Unused direct dependencies:

Loading these DSOs is at least from the startup phases' POV unnecessary. None of the symbols in any of these DSOs is directly used. It might be that some DSOs are used later with dlopen. But why then use dlopen and not direct linking and jumps? That would be faster. Anyway, add up all the memory used for the unused DSOs (dirty pages, administrative data in kernel and ld.so) and I bet you can save many MBs or RAM alone from this. Just use the linker's --as-needed option.

But the problems go deeping. Look at the relocation info of, say, libgtk:

$ relinfo.pl /usr/lib/libgtk-x11-2.0.so.0
/usr/lib/libgtk-x11-2.0.so.0: 2029 relocations, 1982 relative (97%), 1337 PLT entries, 144 for local syms (10%)

1982 relative relocations? That's appalling. 144 PLTs for local symbols? Does anyone really intends to preempt any of them? A year or so ago I cleaned up libselinux and at that time time the numbers were similar. Today they are:

$ relinfo.pl /usr/lib/libselinux.so
/usr/lib/libselinux.so: 15 relocations, 8 relative (53%), 94 PLT entries, 0 for local syms (0%)

Yes, libgtk needs more external functions so the total number of PLTs might be as high as it is. but look at the libselinux numbers, no PLTs for local symbols. You really don't have to be able to preempt any of them. And look at the number of relative relocations. I think I shrank the number for close to 1,000 to below 10. The reason the number was so high is that people simply don't understand how to write position independent code. Especially, how to lay out data structures used for global variables. This leads to unsharable data. E.g.,

static const char *const strs[] = { "one", "two", "three" };
const char *nname(int n) { return strs[n-1]; }

Even though the array strs is marked as const (please make sure you understand which of the const specifies this) the array cannot be in the .rodata section of a DSO because the string pointers have to be adjusted for the load address. This means

  1. We have 24 bytes of unsharable data on 64bit machines.

  2. We need 3 relocation records, each 24 bytes on most 64 bit archs).

  3. We also have an array of pointers to strings in addition to the strings (another 24 bytes).

Now look at this rewrite:

static const char str[] = "one\0two\0three" };
static uint8_t idx[] = { 0, 4, 8 };
const char *nname(int n) { return str + idx[n-1]; }

All of the listed disadvantages go away. str is only a name for a memory region in the .rodata section. There are no additional pointers. The total data size is 17 bytes as opposed to 110 bytes for the old code (including relocations). The code for the functions is hardly larger, maybe one additional instruction.
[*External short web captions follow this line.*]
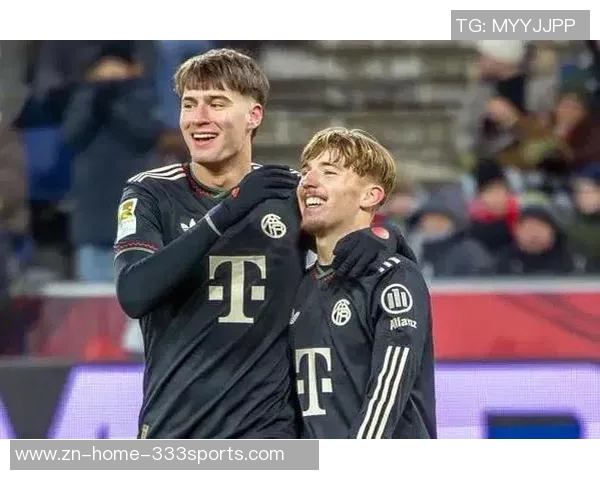 拜仁与哈维费尔南德斯续约完成球员或将外租离队发展新机会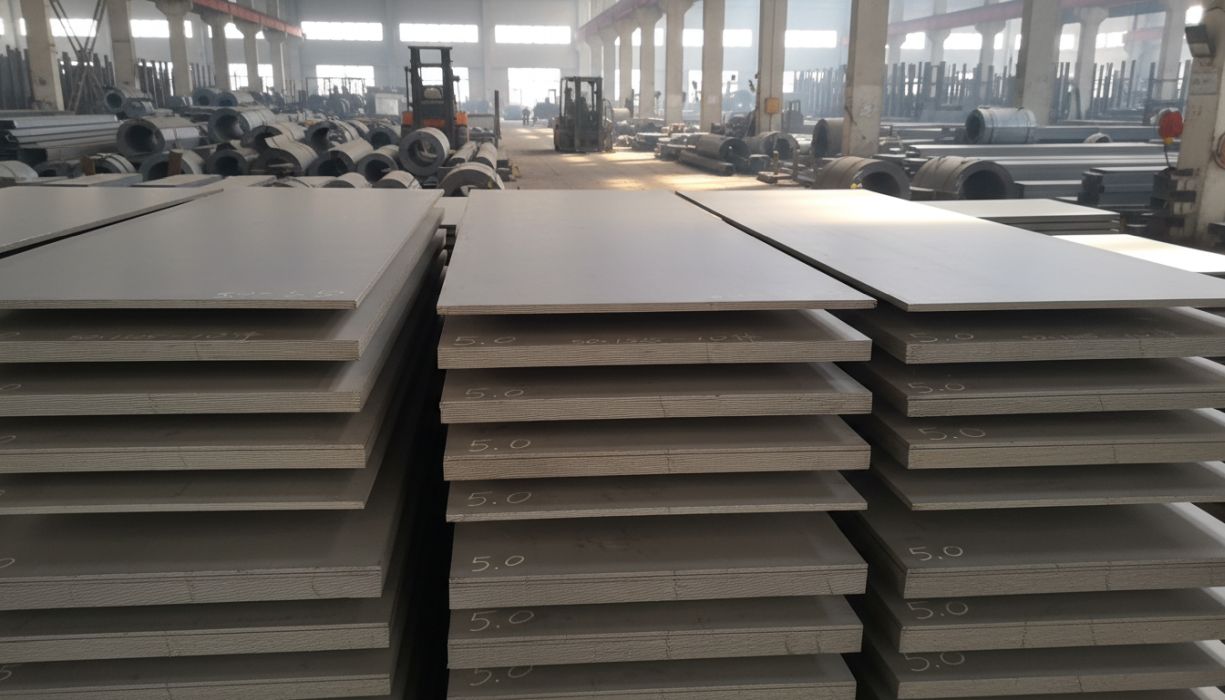 P355NL1 Çelik kalitesi Kaliteleri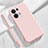 Custodia Silicone Ultra Sottile Morbida 360 Gradi Cover S02 per Oppo Reno9 Pro+ Plus 5G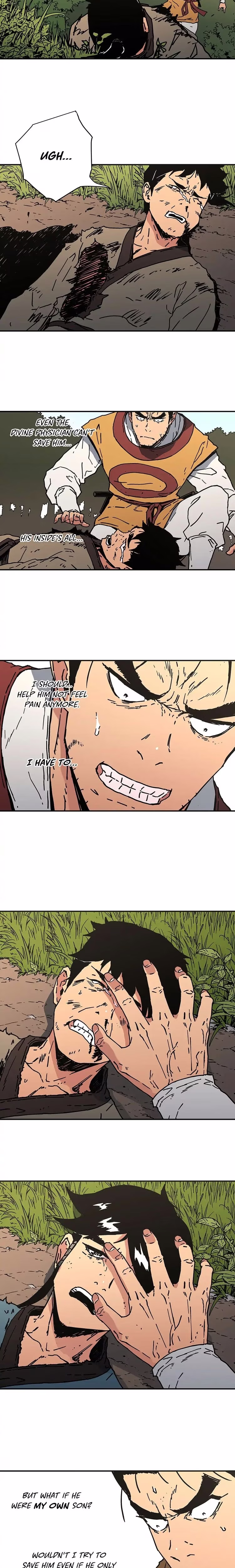 Father, Unrivaled - Chapter 126 - Part 12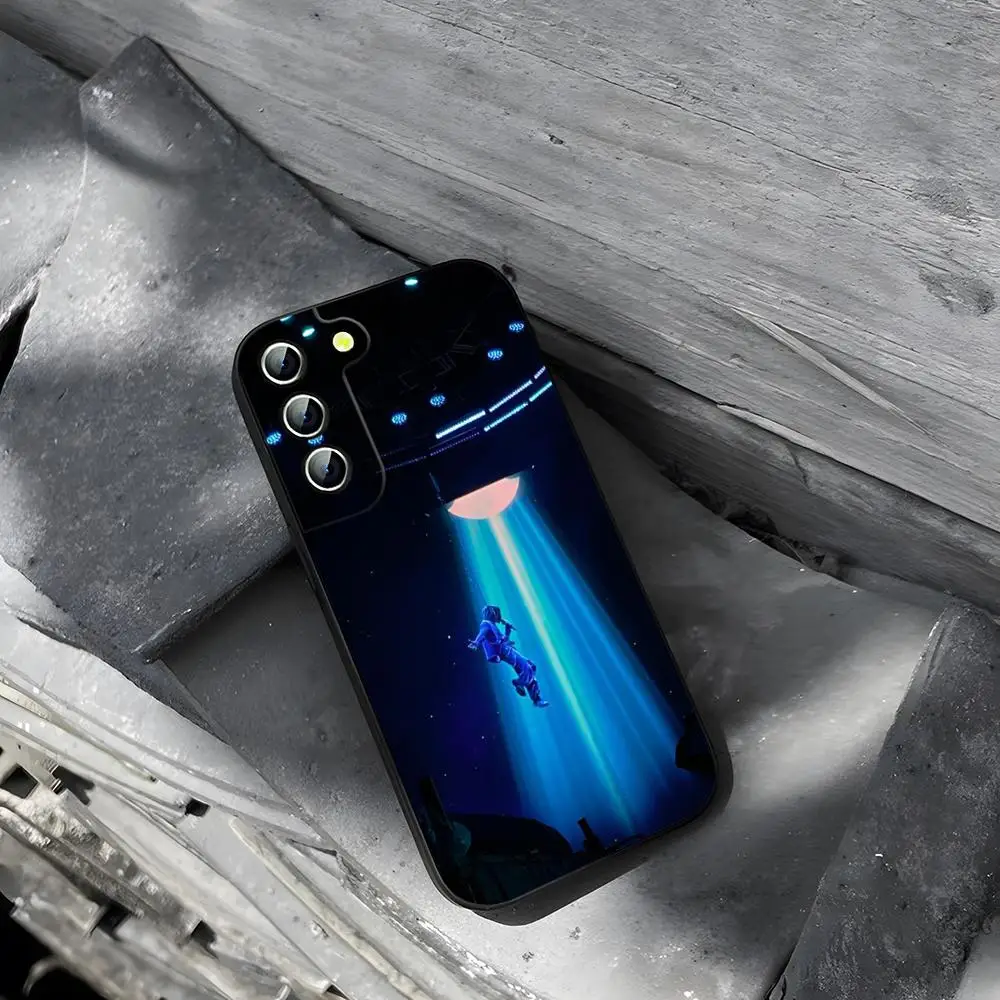 Чехол для Samsung Galaxy S23 S24 S21 S22 S20 Ultra Fe Plus A34 A54 A24 A52 A53 M54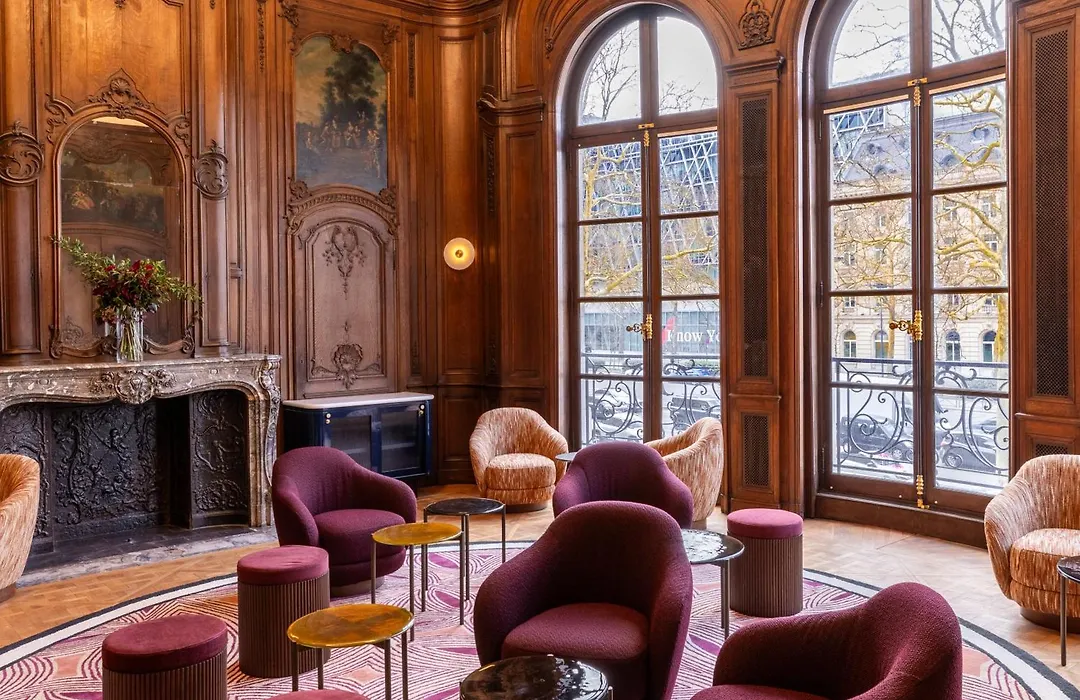 Faubourg 21 - The Leading Hotels Of The World-1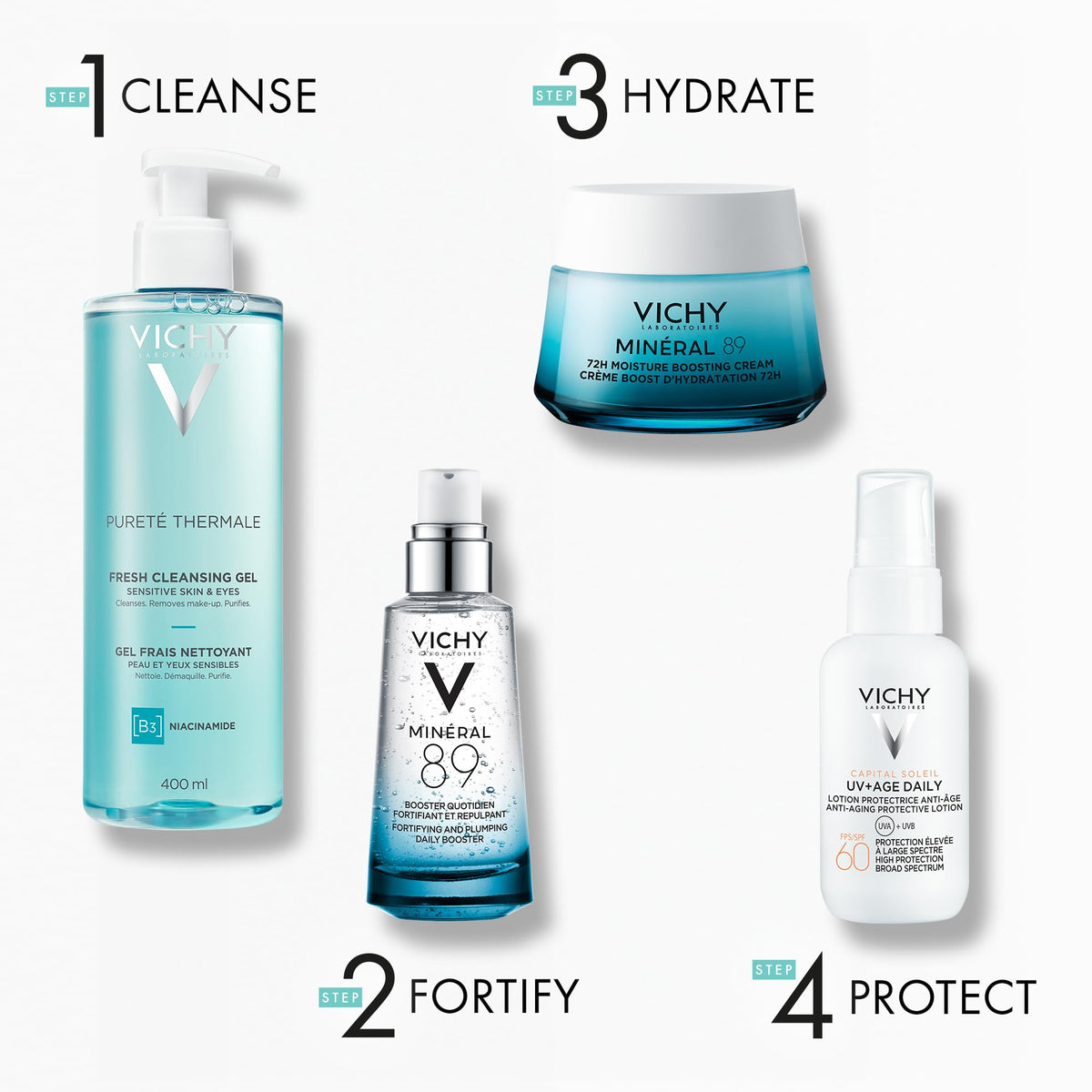 Vichy Pureté Thermale
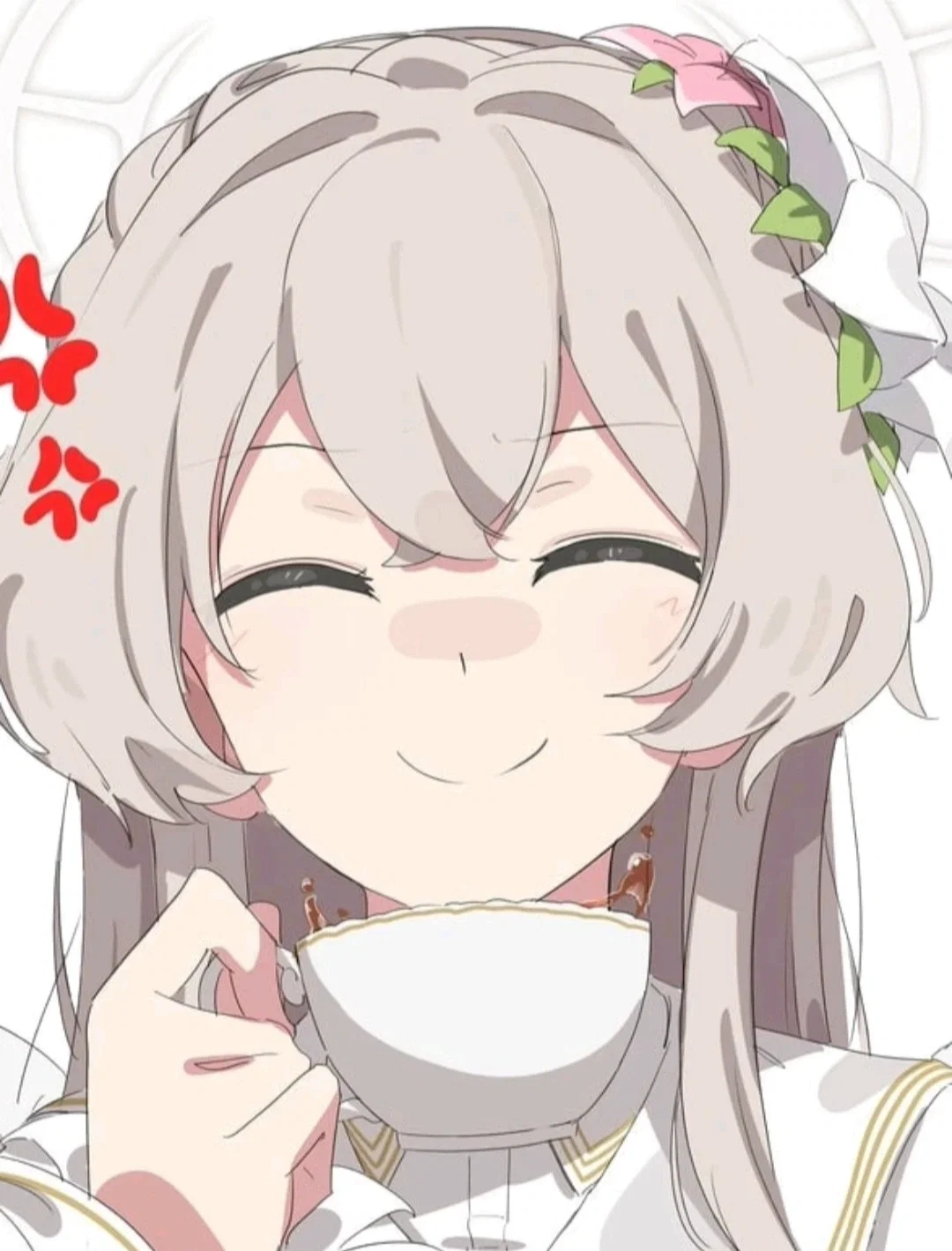 Kirifuji Nagisa | Your Strict but Caring Big Sister ☕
The details about all this can be found in my DSO HowTo. Appendix B shows how the above technique can be applied without sacrificing maintainability of the code.

There is only one reason for not applying this technique and that is if the variables in question are exported. I always warned against making variables part of the ABI of a DSO. This never is a good idea. For historical reasons it might be needed (which is why libresolv has such high numbers on Frederico's list, I wish I could change it). But that's all.

I am willing to bet that the number of relocations in libgtk can be reduced significantly, maybe as drastically as in libselinux's case. Removing, say, 2,000 relocations means reducing the .rodata size of the DSO by 48,000 bytes. This means 12 pages which don't have to be paged-in through major and minor page faults. In non-prelinked binaries the startup is faster and usually the changes result in smaller data structures as well (see the example above).

So, if you're really concerned about wasting memory (and I think you should, one of the few things I agree with Negroponte about) then start looking at the data structures used in the DSOs and the unnecessary dependencies. That's where you get biggest bank for a buck.